[Source material]

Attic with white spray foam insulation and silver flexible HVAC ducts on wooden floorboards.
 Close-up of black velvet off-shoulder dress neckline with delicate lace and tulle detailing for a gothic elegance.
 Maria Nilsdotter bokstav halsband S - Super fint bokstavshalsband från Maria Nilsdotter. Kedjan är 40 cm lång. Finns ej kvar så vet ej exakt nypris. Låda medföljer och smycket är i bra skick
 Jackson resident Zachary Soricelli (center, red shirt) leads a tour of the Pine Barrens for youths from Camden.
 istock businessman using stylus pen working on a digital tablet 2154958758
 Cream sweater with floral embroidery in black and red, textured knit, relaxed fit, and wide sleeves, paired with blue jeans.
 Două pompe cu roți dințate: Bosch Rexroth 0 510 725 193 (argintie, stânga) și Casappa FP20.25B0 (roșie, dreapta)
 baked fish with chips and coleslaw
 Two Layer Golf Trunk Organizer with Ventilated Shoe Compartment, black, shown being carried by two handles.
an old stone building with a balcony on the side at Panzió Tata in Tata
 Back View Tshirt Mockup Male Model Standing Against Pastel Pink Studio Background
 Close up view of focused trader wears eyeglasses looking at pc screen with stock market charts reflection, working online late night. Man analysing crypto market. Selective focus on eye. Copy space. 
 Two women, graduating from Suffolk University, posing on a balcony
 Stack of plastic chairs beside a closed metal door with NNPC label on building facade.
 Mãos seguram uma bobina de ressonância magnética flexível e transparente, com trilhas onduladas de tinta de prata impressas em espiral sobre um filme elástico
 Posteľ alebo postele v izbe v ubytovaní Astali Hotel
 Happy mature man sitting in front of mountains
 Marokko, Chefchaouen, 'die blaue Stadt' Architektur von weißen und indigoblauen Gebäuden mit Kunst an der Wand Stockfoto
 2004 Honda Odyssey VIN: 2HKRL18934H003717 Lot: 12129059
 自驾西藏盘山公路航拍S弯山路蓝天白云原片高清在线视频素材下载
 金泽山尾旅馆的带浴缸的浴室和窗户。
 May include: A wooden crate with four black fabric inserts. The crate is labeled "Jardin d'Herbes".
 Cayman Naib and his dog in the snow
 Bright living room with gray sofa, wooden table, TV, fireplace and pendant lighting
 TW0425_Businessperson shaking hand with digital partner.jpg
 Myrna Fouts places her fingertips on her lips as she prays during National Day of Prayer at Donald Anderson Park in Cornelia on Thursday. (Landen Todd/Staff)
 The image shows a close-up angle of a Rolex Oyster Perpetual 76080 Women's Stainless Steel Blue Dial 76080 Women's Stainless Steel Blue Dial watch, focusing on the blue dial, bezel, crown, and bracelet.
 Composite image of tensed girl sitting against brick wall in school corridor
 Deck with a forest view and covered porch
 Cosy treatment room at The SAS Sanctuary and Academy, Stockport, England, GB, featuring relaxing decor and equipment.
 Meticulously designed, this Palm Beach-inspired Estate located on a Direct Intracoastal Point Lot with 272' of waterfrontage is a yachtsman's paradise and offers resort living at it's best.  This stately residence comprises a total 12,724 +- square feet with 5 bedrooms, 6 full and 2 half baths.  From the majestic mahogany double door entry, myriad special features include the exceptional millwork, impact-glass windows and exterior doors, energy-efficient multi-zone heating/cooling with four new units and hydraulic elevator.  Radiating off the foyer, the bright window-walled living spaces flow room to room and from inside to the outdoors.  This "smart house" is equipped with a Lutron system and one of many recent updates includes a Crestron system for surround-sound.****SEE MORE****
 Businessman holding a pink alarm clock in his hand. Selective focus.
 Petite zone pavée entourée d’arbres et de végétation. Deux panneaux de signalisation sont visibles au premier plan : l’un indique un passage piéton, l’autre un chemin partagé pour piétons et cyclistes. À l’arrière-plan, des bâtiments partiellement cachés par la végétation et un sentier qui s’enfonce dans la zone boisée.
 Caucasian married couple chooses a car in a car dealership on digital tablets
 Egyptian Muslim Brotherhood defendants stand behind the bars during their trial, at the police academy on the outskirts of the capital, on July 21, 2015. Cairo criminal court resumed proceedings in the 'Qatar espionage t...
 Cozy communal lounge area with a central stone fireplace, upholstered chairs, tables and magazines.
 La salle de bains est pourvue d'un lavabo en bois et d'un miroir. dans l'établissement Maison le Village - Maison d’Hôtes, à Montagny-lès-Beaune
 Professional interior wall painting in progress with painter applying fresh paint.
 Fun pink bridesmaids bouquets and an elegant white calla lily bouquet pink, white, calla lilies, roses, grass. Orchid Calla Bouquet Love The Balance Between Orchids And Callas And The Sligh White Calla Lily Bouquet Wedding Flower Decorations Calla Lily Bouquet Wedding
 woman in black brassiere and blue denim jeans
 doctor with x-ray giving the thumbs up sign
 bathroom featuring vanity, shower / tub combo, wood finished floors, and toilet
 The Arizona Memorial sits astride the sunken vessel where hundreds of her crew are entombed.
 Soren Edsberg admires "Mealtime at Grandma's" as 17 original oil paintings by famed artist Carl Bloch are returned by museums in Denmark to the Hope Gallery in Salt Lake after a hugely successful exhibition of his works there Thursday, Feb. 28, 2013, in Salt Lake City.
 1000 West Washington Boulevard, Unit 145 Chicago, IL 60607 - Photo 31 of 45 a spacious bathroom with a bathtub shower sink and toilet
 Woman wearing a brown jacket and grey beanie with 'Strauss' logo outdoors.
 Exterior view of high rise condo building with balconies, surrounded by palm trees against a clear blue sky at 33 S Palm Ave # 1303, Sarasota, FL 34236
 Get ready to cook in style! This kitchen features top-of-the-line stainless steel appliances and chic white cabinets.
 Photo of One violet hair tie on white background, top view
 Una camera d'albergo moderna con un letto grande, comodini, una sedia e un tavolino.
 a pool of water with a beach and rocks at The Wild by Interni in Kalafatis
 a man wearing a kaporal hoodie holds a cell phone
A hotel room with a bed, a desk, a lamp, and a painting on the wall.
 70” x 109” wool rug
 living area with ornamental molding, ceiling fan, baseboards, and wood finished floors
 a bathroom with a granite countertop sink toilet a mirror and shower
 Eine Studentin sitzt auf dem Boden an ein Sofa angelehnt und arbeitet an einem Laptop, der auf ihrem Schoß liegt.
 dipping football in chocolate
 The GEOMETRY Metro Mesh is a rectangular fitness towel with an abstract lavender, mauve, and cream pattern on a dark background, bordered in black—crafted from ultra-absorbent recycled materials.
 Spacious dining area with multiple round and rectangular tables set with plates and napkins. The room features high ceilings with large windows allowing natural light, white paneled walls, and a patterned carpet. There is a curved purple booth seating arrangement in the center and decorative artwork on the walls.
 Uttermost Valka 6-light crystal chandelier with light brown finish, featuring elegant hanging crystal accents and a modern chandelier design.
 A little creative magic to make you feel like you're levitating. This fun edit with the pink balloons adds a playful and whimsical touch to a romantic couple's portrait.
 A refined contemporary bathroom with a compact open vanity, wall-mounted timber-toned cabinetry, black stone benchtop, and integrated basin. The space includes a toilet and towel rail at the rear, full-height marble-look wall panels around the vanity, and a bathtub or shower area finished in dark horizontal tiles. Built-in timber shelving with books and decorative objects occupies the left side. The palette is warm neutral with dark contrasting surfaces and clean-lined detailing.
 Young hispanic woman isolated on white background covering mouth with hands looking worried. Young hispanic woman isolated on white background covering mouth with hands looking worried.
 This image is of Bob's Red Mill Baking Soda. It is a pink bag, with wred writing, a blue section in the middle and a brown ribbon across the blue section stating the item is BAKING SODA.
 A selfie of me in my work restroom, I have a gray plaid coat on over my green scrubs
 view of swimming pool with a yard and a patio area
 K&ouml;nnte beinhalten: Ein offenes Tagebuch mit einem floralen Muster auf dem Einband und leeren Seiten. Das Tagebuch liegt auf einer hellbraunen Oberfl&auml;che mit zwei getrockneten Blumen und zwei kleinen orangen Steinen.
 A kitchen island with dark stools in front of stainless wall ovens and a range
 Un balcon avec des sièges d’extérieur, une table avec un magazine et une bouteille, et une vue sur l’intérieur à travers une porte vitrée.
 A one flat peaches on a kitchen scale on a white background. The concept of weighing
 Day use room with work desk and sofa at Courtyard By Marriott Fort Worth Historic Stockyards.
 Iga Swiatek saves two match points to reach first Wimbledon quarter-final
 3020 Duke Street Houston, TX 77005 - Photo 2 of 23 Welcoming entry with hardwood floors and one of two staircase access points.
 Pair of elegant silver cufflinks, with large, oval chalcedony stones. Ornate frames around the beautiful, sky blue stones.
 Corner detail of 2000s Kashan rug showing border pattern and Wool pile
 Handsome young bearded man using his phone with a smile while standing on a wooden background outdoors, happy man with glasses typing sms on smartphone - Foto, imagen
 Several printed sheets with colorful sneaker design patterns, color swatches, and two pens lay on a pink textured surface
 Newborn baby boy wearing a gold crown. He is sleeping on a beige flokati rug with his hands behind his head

[/Source material]

Tally the lines in the data that contain the string "working". Report only the total.

2